USCIS has an excellent website on this topic.
This information covers if immediate relative is inside or outside of the US when I-130 is approved. The only concern is the need to follow the rules as they are when the time arrives. This was more of a cocnern in the early 2000s when it was necessary to tell clients that the rules could change 4 times before the I-130 is approved. Good luck.
Legal disclaimer: The statement above is provided by CC Abbott is based on general assistance and not intended to be a legal opinion because not all the facts are provided. The person requesting information and all others reading the answer should retain an attorney who is permitted by the state bar within the jurisdiction who can examine the complete facts and provide a legal opinion on your case. All information provided in the above answer and other information provided by CC Abbott does not create an attorney/client relationship within any state of Federal law.
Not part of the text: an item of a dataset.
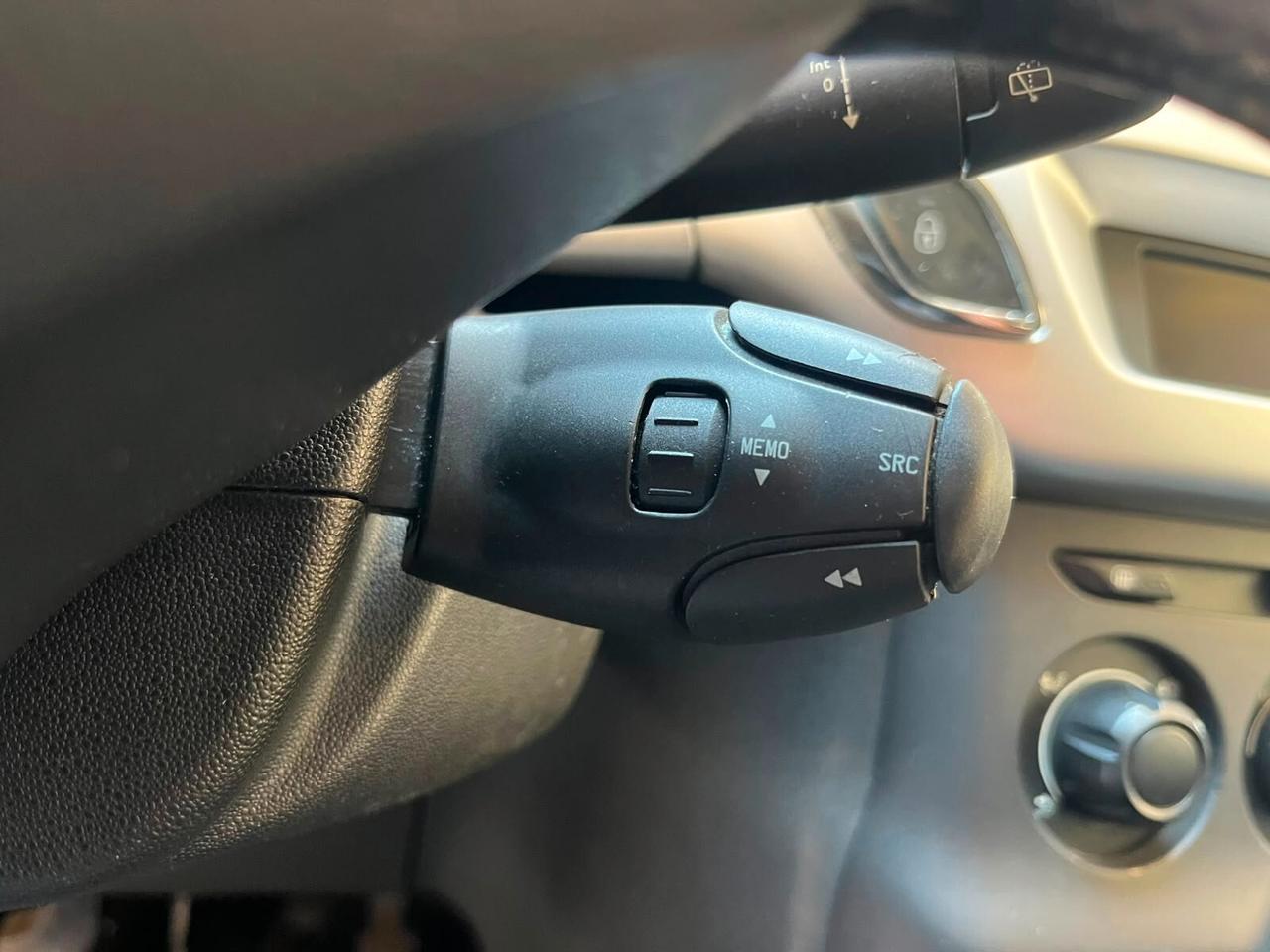 Citroen C3 1.4 HDi 70 Exclusive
You may look at http://travel.state.gov/visa/immigrants/info/info_1339.html. You should consult with an experienced immigration attorney to determine if there are any legal issues to worry about. If you are residing in Spain, you may have issues in meeting the requirements for the Affidavit of Support. Good luck.
For a consultation 714-560-0040. The answer provided is general in nature and because not all facts are known, it should not be construed as legal advice. The answer does not create an attorney/client relationship.
The NVC will require a considerable amount of original or certified documents. The documents my clients generally need the most time compiling are police clearance letters and original birth certificates. You should consult with an experienced immigration attorney who should be able to provide you a comprehensive list during your consultation.
You generally will present updated documentation regarding the bona fides of your marriage at the consulate interview. Only sometimes will I have clients submit this type of documentation with the NVC, where there is a particular issue to address. You will need to show the U.S. citizen meets income guidelines. I mention this because you both currently reside in Spain and there is a requirement that the U.S. citizen must generally have stable U.S. based earnings. There is also a requirement that you have U.S. residence, despite the fact you are in Spain.
Yes, I agree that having an experienced immigration attorney helps if the fee is reasonable. You both are abroad. When a case is delayed due to problems, the tendency is to continue to delay and dig for more problems. Efficient processing and a well-prepared case through to visa issuance helps.